↓
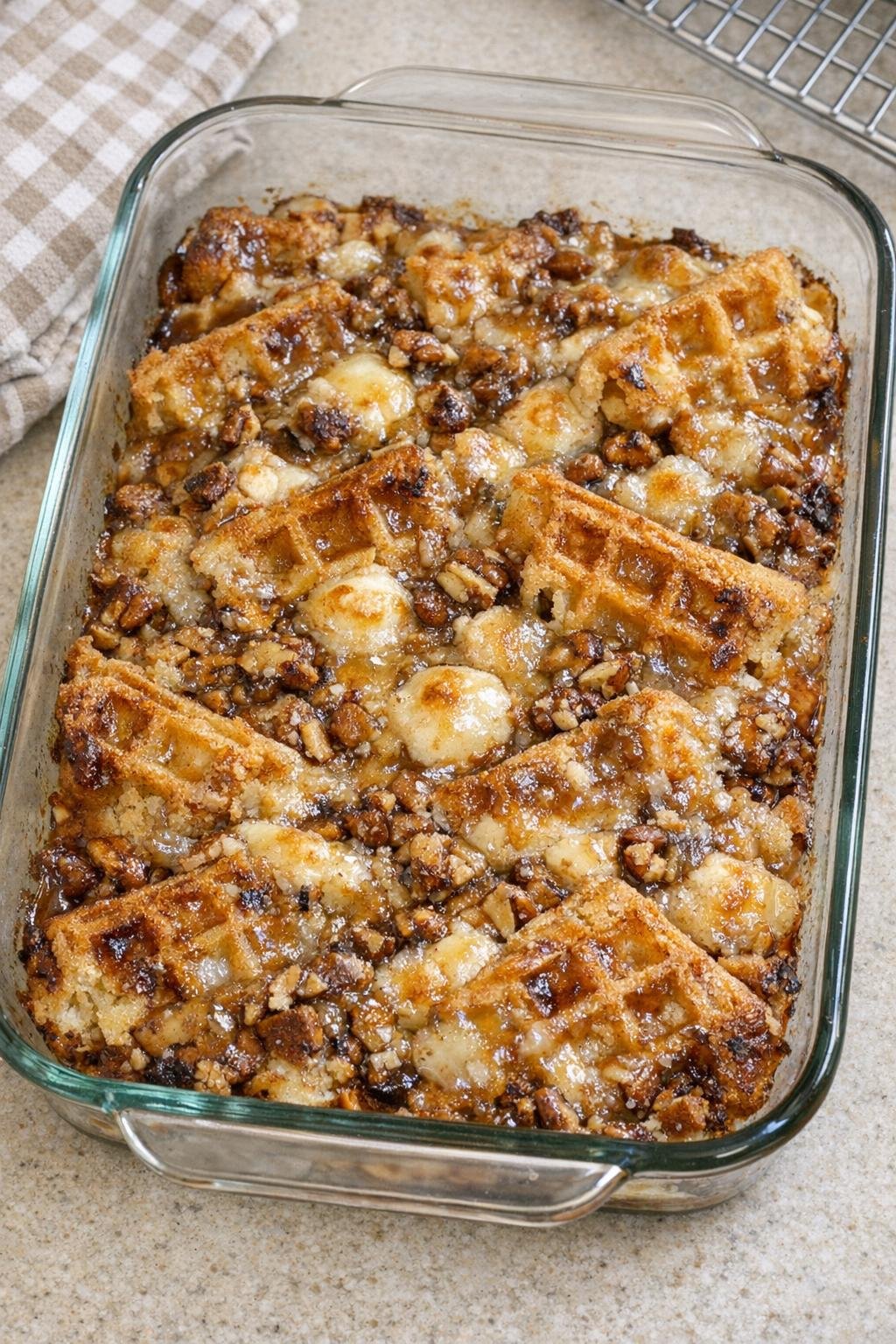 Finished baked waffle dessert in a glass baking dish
↑
↓
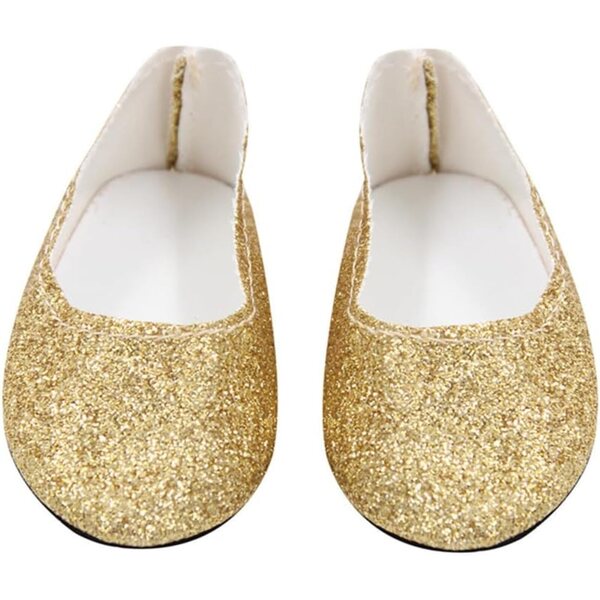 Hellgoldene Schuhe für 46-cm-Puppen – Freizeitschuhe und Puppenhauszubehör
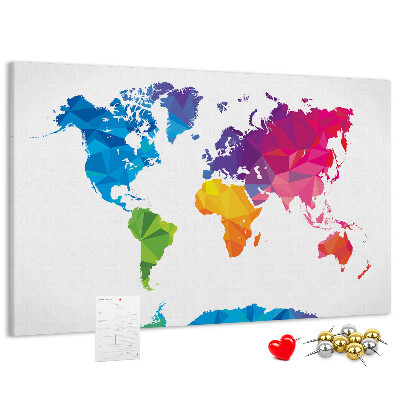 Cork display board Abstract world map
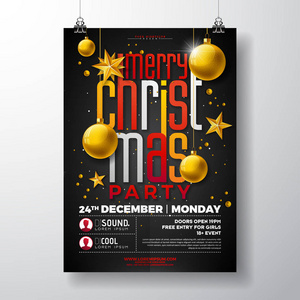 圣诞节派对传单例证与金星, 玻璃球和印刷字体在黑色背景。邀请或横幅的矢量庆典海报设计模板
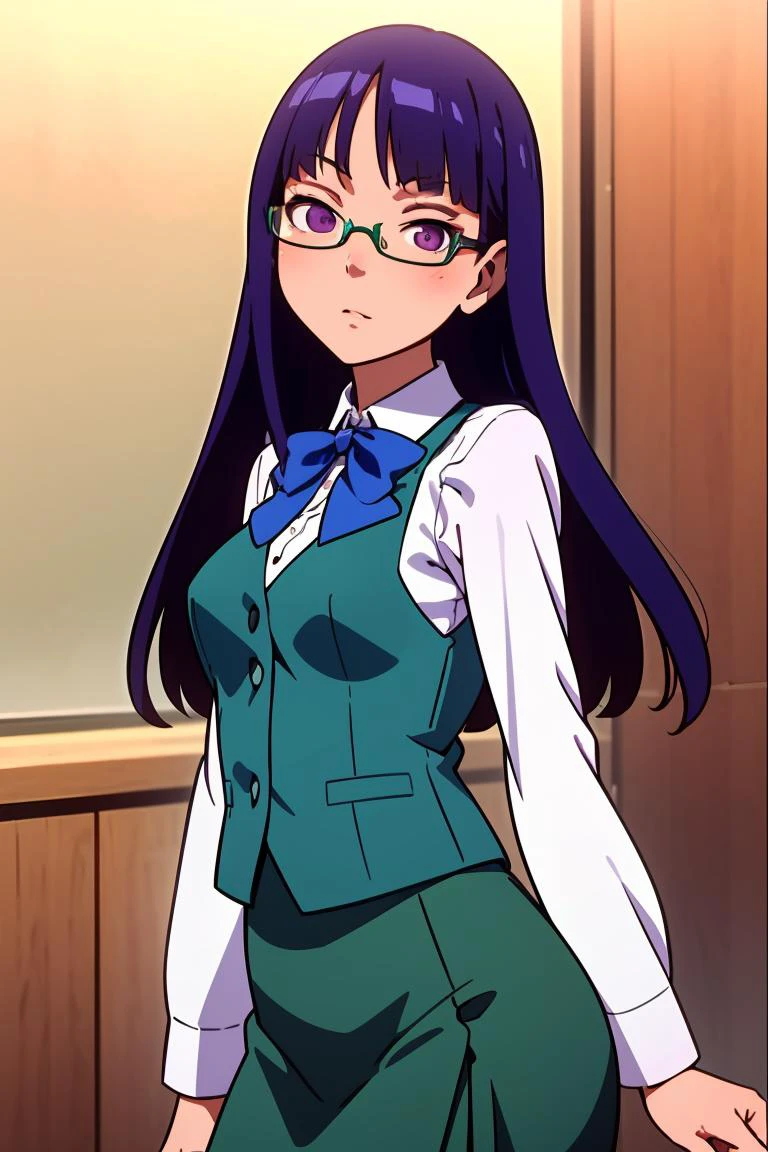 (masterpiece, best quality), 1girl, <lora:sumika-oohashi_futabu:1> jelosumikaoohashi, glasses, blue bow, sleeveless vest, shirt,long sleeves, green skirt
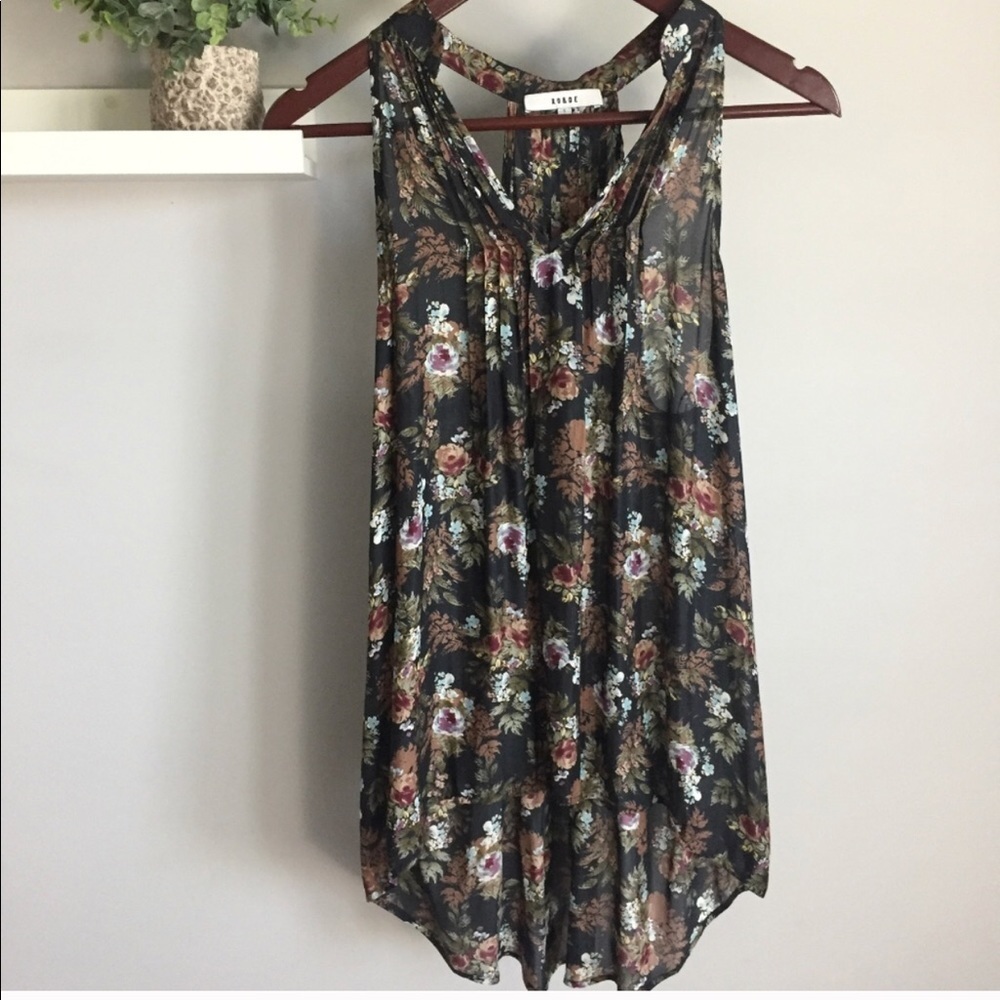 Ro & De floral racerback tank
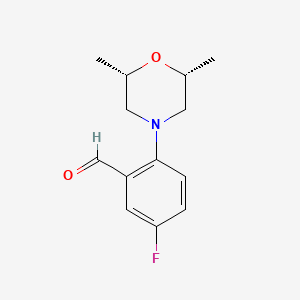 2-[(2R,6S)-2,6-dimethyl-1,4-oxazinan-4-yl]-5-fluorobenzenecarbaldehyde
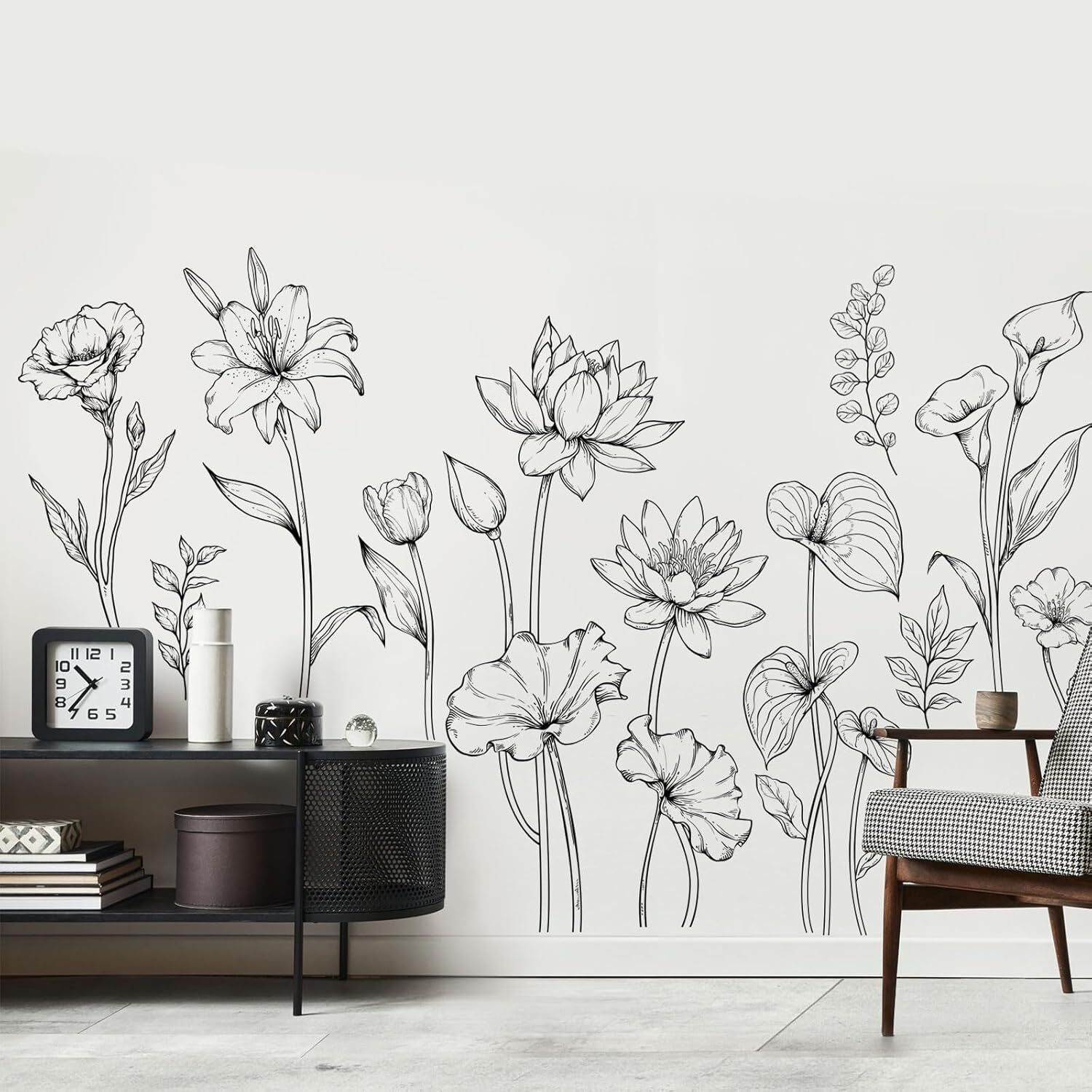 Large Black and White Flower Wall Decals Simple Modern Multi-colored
↑
▶ [DIRECTIONS FOR THIS TASK]:
Above this task is a listing with pictures in it. Retype only the lines from the one containing "Ro & De floral racerback tank" through the one containing "Large Black and", both included, and not the pictures.

▶ [EXPECTED ANSWER]:
 Ro & De floral racerback tank
 2-[(2R,6S)-2,6-dimethyl-1,4-oxazinan-4-yl]-5-fluorobenzenecarbaldehyde
 Large Black and White Flower Wall Decals Simple Modern Multi-colored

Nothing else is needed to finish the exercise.